> Provided records

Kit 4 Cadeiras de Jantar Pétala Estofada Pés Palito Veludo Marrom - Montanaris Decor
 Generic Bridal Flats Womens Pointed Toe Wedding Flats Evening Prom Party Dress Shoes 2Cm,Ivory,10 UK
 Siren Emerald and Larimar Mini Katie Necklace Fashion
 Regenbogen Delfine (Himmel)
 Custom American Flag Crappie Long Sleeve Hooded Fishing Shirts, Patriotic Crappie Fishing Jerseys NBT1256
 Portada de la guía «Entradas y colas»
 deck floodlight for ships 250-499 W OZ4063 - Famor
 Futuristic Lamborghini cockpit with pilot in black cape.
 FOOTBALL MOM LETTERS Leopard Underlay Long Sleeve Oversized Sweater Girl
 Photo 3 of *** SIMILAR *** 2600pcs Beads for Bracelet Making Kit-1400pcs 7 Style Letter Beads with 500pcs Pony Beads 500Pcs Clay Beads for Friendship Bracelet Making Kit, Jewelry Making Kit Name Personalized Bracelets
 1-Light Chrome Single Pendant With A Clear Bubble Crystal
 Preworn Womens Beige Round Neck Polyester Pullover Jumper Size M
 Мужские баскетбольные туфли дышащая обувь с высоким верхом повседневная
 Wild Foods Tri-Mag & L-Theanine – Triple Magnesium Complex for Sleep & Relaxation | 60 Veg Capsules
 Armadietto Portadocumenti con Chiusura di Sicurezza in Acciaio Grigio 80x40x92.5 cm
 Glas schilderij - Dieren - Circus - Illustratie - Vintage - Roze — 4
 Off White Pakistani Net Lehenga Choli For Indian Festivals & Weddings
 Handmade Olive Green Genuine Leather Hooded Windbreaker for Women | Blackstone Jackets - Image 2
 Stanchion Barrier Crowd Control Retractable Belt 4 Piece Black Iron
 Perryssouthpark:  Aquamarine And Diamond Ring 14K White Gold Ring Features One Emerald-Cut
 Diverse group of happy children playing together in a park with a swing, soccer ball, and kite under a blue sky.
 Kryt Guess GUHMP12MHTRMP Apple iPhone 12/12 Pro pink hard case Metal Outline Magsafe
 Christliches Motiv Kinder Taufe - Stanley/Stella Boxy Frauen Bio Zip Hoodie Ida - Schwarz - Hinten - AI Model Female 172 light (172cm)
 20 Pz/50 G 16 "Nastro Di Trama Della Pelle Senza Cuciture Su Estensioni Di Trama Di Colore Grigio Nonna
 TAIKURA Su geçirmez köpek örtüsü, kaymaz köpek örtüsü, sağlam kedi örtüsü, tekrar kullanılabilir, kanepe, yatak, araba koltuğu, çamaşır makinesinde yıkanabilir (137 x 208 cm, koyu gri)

> Work to be completed
Every line containing the word "White" should be copied from the material.

> Result below
 Off White Pakistani Net Lehenga Choli For Indian Festivals & Weddings
 Perryssouthpark:  Aquamarine And Diamond Ring 14K White Gold Ring Features One Emerald-Cut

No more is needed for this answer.